A recent study by the Society for Personality and Social Psychology has found what we have always felt to be true: having a hobby equates to bucketloads of happiness. Here at WeGoRo we have compiled a list of our favourite hobbies that will help you relieve stress, be present in the moment and achieve a sense of wellbeing.
Learning to play an instrument is a sure-fire way of getting your daily dose of happiness, as music has a dramatic effect on our mood and thought processes. Proven to reduce stress and anxiety, the intricate coordination required to translate sheet music into a beautiful tune makes transcending our daily struggles come naturally.
There really is nothing quite like curling up in a favourite spot with a good book. The perfect opportunity for escapism, reading opens up whole new worlds and experiences. There’s even a name for the kind of happiness derived from being immersed in a good book — bibliotherapy.
Knitting has been experiencing a retro revival for the last few years — now classes can be found pretty much anywhere, with many workplaces building lunchtime knitting sessions into the working day due to their positive effect on employee wellbeing. Surprisingly easy to get started once you have mastered a few simple starting stitches, it is the rhythmic, almost musical nature of the knitting needles clicking against one another that makes this hobby so mesmerisingly joyful.
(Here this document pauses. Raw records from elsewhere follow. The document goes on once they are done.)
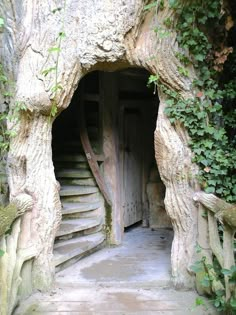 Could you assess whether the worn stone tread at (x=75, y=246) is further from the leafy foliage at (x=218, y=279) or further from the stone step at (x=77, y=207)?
the leafy foliage at (x=218, y=279)

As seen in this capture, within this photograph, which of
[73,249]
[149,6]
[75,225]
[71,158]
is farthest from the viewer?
[71,158]

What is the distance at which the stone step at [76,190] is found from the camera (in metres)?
4.79

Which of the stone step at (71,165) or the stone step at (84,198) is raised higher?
the stone step at (71,165)

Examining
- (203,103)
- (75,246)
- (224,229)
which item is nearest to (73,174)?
(75,246)

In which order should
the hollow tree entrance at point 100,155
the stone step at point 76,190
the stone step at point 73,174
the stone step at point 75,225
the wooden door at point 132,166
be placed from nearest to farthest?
the stone step at point 75,225 < the stone step at point 76,190 < the hollow tree entrance at point 100,155 < the stone step at point 73,174 < the wooden door at point 132,166

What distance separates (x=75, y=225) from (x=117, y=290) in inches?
47.0

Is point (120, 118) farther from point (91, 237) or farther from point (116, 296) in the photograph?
point (116, 296)

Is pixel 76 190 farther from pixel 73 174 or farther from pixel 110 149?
pixel 110 149

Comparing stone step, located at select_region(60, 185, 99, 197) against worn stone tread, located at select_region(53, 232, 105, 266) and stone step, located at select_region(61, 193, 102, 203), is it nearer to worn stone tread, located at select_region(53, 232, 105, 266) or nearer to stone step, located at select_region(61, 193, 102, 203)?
stone step, located at select_region(61, 193, 102, 203)

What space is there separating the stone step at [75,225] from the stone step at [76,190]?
36 cm

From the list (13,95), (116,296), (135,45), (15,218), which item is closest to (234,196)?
(116,296)

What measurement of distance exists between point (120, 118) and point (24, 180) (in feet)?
8.00

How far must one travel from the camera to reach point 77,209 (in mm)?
4672

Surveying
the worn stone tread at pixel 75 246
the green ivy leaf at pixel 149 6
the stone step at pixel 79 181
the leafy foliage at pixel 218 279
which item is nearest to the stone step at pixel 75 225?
the worn stone tread at pixel 75 246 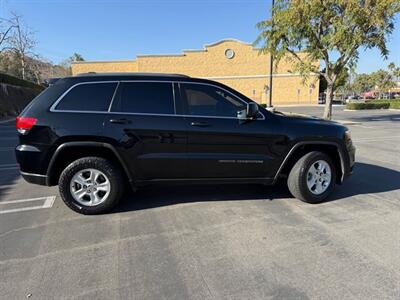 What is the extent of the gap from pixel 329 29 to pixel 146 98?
48.6ft

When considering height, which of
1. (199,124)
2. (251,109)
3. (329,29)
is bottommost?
(199,124)

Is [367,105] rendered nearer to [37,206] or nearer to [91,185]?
[91,185]

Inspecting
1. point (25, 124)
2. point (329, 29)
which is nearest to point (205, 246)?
point (25, 124)

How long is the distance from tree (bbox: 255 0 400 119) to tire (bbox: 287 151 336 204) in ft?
40.5

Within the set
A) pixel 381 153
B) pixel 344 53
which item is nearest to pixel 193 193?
pixel 381 153

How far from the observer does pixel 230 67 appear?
5528 centimetres

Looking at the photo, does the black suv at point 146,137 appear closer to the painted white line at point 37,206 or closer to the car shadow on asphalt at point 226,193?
the car shadow on asphalt at point 226,193

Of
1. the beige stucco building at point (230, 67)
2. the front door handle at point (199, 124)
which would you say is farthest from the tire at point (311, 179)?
the beige stucco building at point (230, 67)

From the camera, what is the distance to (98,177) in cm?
449

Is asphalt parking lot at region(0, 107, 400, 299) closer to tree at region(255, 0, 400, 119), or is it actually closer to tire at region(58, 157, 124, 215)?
tire at region(58, 157, 124, 215)

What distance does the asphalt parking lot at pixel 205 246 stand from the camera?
9.37 feet

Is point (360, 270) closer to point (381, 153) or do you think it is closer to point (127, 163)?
point (127, 163)

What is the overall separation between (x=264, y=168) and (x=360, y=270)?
1.95 meters

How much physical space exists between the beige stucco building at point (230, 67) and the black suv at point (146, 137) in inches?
2021
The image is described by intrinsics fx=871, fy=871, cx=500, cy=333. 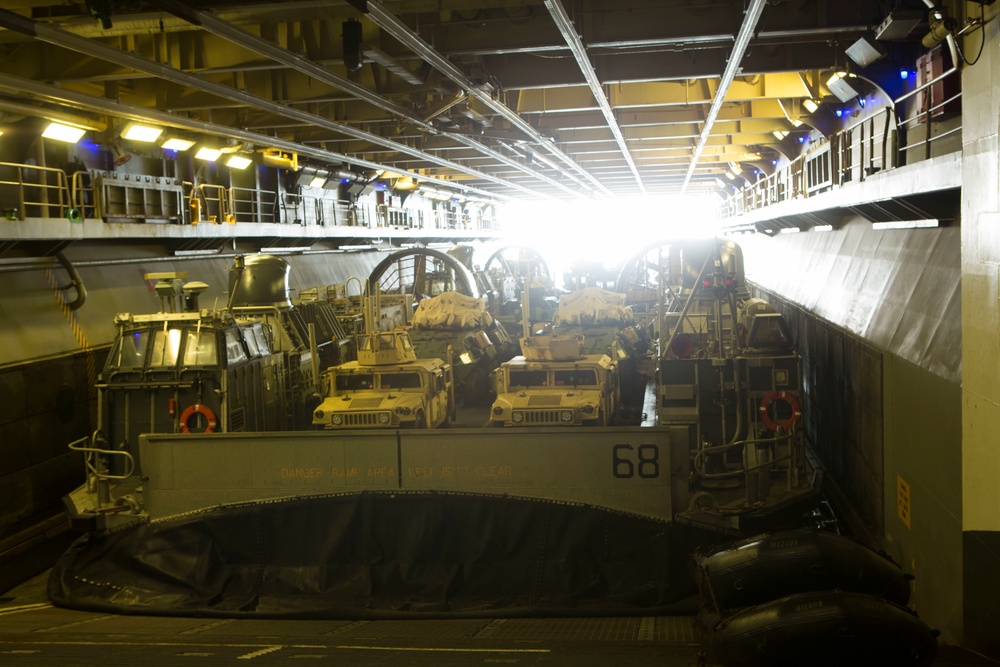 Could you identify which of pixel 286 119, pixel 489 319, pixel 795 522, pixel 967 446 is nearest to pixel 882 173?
pixel 795 522

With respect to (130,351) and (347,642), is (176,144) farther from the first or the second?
(347,642)

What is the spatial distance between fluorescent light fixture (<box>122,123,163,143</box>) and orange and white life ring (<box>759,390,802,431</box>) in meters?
11.7

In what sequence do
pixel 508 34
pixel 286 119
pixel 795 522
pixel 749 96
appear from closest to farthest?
pixel 795 522, pixel 508 34, pixel 749 96, pixel 286 119

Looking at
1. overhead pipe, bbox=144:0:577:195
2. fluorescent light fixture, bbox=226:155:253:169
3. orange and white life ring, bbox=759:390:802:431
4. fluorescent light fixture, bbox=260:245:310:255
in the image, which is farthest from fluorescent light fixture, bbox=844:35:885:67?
fluorescent light fixture, bbox=260:245:310:255

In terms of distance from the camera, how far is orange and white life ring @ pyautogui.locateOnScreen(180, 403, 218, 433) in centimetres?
1155

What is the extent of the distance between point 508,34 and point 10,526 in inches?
368

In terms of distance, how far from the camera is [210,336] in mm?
11914

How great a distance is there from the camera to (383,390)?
12539 mm

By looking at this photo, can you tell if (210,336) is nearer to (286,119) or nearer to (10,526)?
(10,526)

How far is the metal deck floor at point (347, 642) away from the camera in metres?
6.92

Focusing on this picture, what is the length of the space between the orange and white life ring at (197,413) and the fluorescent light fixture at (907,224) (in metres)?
9.00

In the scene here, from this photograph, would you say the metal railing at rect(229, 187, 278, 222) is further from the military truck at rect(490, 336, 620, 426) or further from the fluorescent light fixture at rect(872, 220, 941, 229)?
the fluorescent light fixture at rect(872, 220, 941, 229)

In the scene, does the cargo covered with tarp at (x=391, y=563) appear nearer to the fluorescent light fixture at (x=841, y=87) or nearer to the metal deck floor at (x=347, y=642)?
the metal deck floor at (x=347, y=642)

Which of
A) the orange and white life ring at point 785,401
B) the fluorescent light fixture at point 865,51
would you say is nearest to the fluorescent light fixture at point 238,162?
the fluorescent light fixture at point 865,51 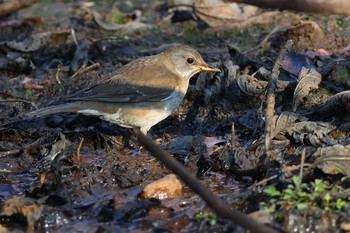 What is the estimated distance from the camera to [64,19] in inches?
433

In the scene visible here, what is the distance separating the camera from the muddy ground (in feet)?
15.3

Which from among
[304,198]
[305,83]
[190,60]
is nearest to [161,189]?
[304,198]

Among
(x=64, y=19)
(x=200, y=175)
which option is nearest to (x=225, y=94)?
(x=200, y=175)

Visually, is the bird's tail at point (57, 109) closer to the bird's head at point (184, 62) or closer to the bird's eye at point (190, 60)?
the bird's head at point (184, 62)

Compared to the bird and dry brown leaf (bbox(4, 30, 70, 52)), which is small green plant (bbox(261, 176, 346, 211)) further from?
dry brown leaf (bbox(4, 30, 70, 52))

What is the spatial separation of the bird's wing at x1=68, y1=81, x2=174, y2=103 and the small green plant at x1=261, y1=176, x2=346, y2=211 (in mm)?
2730

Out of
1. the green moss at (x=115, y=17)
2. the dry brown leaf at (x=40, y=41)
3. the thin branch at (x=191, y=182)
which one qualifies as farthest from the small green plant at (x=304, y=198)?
the green moss at (x=115, y=17)

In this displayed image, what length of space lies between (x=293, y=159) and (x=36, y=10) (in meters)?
7.83

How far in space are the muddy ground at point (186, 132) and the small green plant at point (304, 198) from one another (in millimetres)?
10

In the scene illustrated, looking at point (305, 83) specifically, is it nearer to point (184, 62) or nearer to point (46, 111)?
point (184, 62)

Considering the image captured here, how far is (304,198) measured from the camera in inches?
172

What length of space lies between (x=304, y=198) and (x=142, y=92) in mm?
3059

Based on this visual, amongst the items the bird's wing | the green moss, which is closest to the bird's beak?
the bird's wing

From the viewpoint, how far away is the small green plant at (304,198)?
4312 millimetres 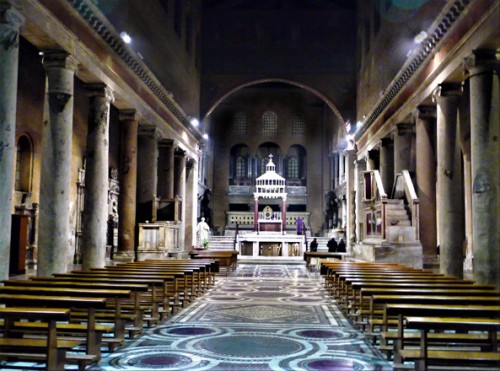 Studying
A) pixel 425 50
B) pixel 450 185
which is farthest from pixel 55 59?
pixel 450 185

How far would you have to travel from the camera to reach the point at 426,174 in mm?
18469

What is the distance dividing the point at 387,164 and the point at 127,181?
11.6 meters

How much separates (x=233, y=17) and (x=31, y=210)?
1969cm

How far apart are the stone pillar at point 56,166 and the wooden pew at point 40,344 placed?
286 inches

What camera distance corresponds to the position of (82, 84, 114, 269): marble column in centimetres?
1577

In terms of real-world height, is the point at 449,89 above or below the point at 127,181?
above

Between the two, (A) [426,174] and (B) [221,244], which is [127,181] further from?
(B) [221,244]

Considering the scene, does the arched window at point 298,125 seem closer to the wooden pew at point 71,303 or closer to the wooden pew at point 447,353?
the wooden pew at point 71,303

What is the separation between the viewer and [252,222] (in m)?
45.4

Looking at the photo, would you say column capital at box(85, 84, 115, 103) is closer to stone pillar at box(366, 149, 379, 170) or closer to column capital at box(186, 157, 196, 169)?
column capital at box(186, 157, 196, 169)

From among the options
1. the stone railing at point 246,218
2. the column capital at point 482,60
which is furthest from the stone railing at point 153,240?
the stone railing at point 246,218

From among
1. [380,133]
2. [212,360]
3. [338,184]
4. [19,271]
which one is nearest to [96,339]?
[212,360]

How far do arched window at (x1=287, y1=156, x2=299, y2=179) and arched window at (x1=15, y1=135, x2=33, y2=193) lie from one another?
108 ft

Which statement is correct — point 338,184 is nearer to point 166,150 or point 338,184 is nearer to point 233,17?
point 233,17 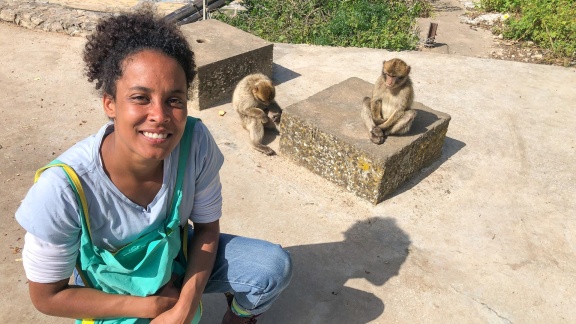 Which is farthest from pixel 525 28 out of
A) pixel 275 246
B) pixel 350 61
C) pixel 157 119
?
pixel 157 119

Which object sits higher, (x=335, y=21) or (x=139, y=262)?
(x=139, y=262)

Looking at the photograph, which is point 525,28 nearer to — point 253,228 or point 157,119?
point 253,228

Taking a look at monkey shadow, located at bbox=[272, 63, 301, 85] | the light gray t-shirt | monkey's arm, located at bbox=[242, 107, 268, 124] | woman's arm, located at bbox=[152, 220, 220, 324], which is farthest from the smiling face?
monkey shadow, located at bbox=[272, 63, 301, 85]

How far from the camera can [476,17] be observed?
924 cm

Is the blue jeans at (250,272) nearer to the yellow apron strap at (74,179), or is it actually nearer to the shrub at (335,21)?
the yellow apron strap at (74,179)

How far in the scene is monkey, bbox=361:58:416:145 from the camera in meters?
4.16

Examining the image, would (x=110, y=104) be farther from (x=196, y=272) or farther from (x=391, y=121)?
(x=391, y=121)

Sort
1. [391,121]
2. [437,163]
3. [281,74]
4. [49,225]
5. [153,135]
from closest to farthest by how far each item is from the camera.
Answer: [49,225] → [153,135] → [391,121] → [437,163] → [281,74]

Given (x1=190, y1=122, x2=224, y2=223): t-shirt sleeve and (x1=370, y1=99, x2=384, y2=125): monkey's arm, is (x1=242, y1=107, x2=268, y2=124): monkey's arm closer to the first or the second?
(x1=370, y1=99, x2=384, y2=125): monkey's arm

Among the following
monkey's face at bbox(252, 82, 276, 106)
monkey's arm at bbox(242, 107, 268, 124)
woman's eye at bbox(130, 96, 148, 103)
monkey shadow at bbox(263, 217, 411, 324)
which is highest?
woman's eye at bbox(130, 96, 148, 103)

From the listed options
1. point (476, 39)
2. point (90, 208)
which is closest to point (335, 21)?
point (476, 39)

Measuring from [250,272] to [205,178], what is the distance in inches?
20.5

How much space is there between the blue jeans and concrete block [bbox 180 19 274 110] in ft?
9.81

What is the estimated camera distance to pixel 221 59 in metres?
5.30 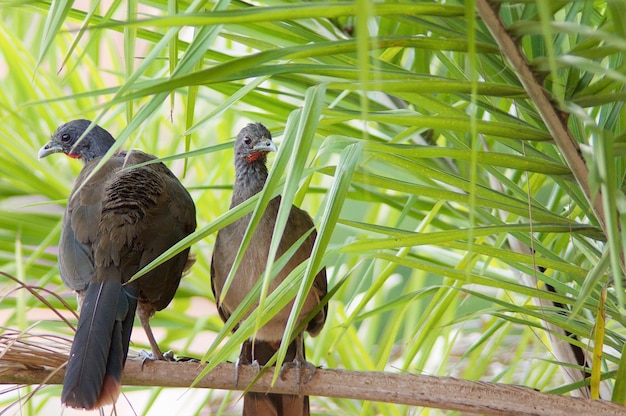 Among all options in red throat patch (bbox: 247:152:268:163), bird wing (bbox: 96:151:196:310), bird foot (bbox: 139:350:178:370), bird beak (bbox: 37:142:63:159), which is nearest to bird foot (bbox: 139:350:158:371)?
bird foot (bbox: 139:350:178:370)

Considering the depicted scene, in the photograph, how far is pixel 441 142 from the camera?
2199 mm

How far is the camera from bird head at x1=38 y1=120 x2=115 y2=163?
7.38 feet

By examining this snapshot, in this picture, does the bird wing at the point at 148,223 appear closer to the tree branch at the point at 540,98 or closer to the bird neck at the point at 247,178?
the bird neck at the point at 247,178

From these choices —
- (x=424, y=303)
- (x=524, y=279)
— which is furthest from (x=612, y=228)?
(x=424, y=303)

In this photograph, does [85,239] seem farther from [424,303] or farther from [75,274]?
[424,303]

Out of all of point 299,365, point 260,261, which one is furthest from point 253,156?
point 299,365

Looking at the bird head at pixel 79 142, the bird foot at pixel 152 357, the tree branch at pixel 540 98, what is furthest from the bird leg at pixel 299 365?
the bird head at pixel 79 142

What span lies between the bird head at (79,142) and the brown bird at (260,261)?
44 centimetres

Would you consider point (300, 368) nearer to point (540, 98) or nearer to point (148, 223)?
point (148, 223)

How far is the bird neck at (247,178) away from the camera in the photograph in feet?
6.87

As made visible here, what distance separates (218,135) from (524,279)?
1.12 m

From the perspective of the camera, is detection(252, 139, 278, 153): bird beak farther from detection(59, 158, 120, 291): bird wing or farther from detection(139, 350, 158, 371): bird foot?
detection(139, 350, 158, 371): bird foot

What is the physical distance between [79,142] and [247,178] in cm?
50

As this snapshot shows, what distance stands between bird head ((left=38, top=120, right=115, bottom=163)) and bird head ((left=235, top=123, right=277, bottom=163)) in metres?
0.41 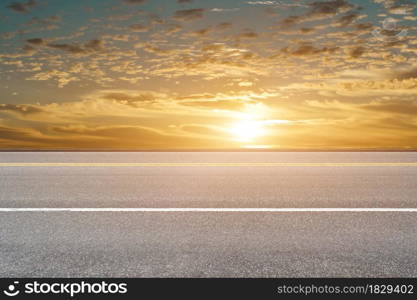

Today, we are more likely to share a short but sweet Facebook status with our friends than write about our day in a diary — and in doing so have lost the valuable art of reflection. The physical act of putting pen to paper is highly therapeutic, and makes it much easier to put any worries or troubles into perspective.
Perhaps it is because of the infamous pottery wheel scene from the film Ghost, but there is something about creating a work of beauty from a lump of clay that appeals to our sense of sensual artistry. Whilst most of us probably don’t, unlike Demi Moore, happen to have a pottery wheel in our apartment, the good news is that classes are plentiful and not too expensive.
A hobby as old as the hills themselves....fresh air, the great outdoors, with nothing but the passing of time and the tread of your own feet to distract you from your thoughts. Now for the science part (that you probably already know): multiple studies have proven that a brisk walk may hold the same benefits as medication in cases of mild depression. So go ahead, get walking and release those endorphins!
The colours, smells, and textures experienced whilst cooking up a storm in the kitchen trigger a happiness response in us that is hard to deny. Immensely self-gratifying, the absolute best thing about cooking as a hobby is sampling your creations afterwards.
Arguably one of the most underrated, yet soul-expanding hobbies out there, star-gazing will leave you with a profound sense of wonder. You don’t need any specialist equipment, as on a clear night most constellations should be visible to the naked eye. Whilst many people find enormous pleasure in mapping and studying the stars, others prefer to gaze upon them and lose themselves a while.
There are numerous physical and emotional benefits to tending a garden, however big or small. The concentration required, and satisfaction gained, in nurturing a seedling into full bloom triggers a perennial sense of happiness. With this hobby, you really do ‘reap what you sow’ - as one of the best things about gardening is sitting back and admiring your hard work on a summer evening.
The connection between art and happiness is an established one — studies have shown that even just looking at a work of art triggers a state of euphoria much like being in love. It stands to reason, therefore, that creating your own masterpiece can spark a similar response. As with knitting and pottery, it is also the simple combination of connecting an abstract idea to a physical process that produces such a strong sense of wellbeing.